The writer proposes supplementing corpus information about such NPs with information from a principled set of elicitation tasks. One such task might be evaluation (rate from 1=perfectly acceptable to 7=not at all acceptable the following sentence, I never saw so beautiful a person). Another might be composition (give all possible sentences that can be constructed from these phrases: was made, to win a medal, today, no effort). A methodology for blending frequency and elicitation information is presented.

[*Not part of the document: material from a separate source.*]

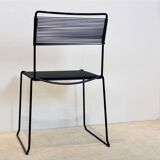 Ensemble de chaises Spaghetti, Italie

A small quibble with Mönnink's piece is that the corpus in which she finds certain structures inadequately represented is only about 120,000 words in four text genres. She might find less need for experimental supplementation, and all the vagueness that introduces, were she to consult a larger source such as the British National Corpus, currently weighing in at 100 million words in several genres and growing every day (see http://info.ox.ac.uk/bnc). On the other hand, smaller corpora and home-grown corpora have their uses (for an excellent example see Granger, 1998, who works with a corpus of learner English produced by Belgian francophones), and in these cases a purely frequency based approach will often be usefully complemented by more judgment-based elicitation data.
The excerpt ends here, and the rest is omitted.